Vijay Daita

BM25 is a popular search algorithm that finds documents related to queries based on weighted terms in queries and documents. The weights are determined by the frequency of the words in the dataset, and how frequently they occur in that particular query and document.

While there are several algorithsm used to make the BM25 algorithm more efficient, they are still mainly targeted towards single-threaded applications. In fact, most BM25 algorithms rely on a single-threaded technique called block-max WAND (BMW) to skip over large portions of the dataset that are guaranteed to not contain any documents that would be relevant to the query.

I'll quickly describe the algorithm:

documents are grouped into chunks of k documents (some papers suggest you can set a variable block size within each posting list, while other suggest clustering algorithms)
there is a vector generated across those documents (which you could call a summary) which takes the maximum value for each term across all the documents in the block and puts it into a single vector.
when you have a query and a heap of documents (representing your current top-k), you can find the inner product of your query vector and your block's summary vector. If the inner product is less than the smallest score that you are keeping in your heap (or the k-th highest element you've seen so far), then it is guaranteed that none of the documents in that block are going to have a score high enough to be considered, so you can safely skip that block and all of the documents inside it.

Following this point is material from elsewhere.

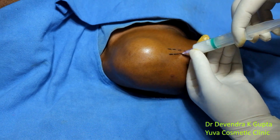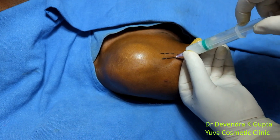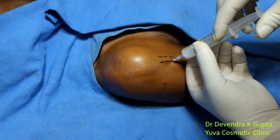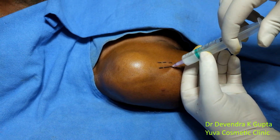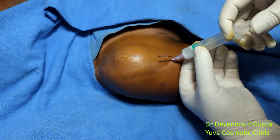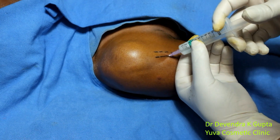Just lift the needle by 1 millimeter and aspirate before injection. Now this is little away — 1 millimeter up to the bone — and on the outer aspect of this bicep tendon, I am injecting 30 mg of depomedrol.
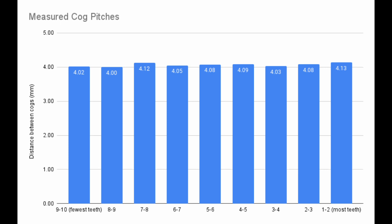Using some judgment, I settled on a list of nominal cog pitches. The pitches vary slightly between pairs of cogs, but overall stay roughly the same throughout the cassette. The average pitch is about 4.05mm, slightly less than the classic 9-speed pitch of 4.15mm, and slightly more than the 10-speed cog pitch of 3.95mm. The fact that the Link Glide cog pitch is so close to the classic 10-speed cog pitch creates some real opportunities.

The actual implementation is more involved, with pointers storing the current position in the posting list for each term in the query, and a lot of optimizations to make sure that the number of inner products that need you need to compute is minimized.

Here are a few of the papers that I read on lexical search algorithms, sparse vector retrieval, and similar topics that I thought were useful when trying to figure out how to design this paper:

SPARe
- SPARe introduces an iterative algorithm for performing sparse vector search on GPU. Like other optimizations, it converts the BM25 algorithm into a sparse matrix-vector operation. In particular, it calculates term weights for each query and document and stored document data in the CSR and CSC data formats, which are sparse matrix formats designed to maximize the amount of memory coalescing involved in reads
- Then, it iteratively works through the terms of the query and accumulates the document scores in memory.
- After calculating all the weights, a simple top-k operation is performed.
- Methods like quantization can be used to reduce the amount of memory needed, and to reduce the amount of time spent on memory transfers.
Efficient Inverted Indices for Approximate Retrieval over Learned Sparse Representations
- This paper introduces Seismic, which aims to improve the speed of retrieval for learned sparse representations (like the ones outputted by models like SPLADE).
  - Learned sparse representations differ from the raw token data for a few different reasons:
    - They have fewer unique terms, because of the way that tokenization works
    - They have many more terms per document, because each term is augmented by the context of the document
    - As a result, posting lists are significantly longer, and documents are less sparse.
- Seismic uses a the following approaches:
  - First, the authors observed that in these learned sparse representations, they are able to significantly truncate the number of terms per document and query by only selecting the terms/documents with the highest weights, up to a given threshold. They call this subvector the "alpha-mass vector".
  - Second, instead of ordering documents by document id, documents are grouped through a variant of k-means clustering, before the maximum is taken for each term to perform BlockMax WAND.
  - Finally, since they use term-at-a-time retrieval, they retrieve individuals document vectors themselves when a particular block needs to be explored.
  - They are able to achieve very high recall (>0.95) at high speedup ratios (3x), especially when compared to other approximate inverted index methods.
Pairing Clustered Inverted Indices with kNN Graphs for Fast Approximate Retrieval over Learned Sparse Representations
- This paper introduces SeismicWave, which builds on top of Seismic to further improve the speed of retrieval.
- First, documents are processed in order of the similarity of their block summary vectors to the query vectors. This allows the algorithm to find high-scoring documents earlier, which allows for more blocks to be skipped later on.
- Second, in addition to reading each document vector when a block is explored, the algorithm also precomputes a kNN graph over all of the documents. When a document is found that has a high score, its neighbors in the kNN graph are also explored. This allows the algorithm to find more high-scoring documents earlier, which again allows for more blocks to be skipped later on.
Bridging Dense and Sparse Vector Retrieval Methods
- Basically, this paper shows that you can use a random projection to convert your sparse vectors into dense vectors. Then, you can apply traditional clustering algorithms over your dense vectors and obtain high-quality results.
- One of the important results is that normalizing all of your centroid vectors (ie putting them on the unit sphere) makes your cluster matching significantly more effective. However, the method that you use to project your sparse vector into a dense vector doesn't matter that much, and using random vectors (where each element is selected from a Gaussian distribution) for each term is effective.
- Other sections discuss how combining projected sparse vectors and dense vectors can be effective in reducing the amount of complexity involved in performing hybrid search.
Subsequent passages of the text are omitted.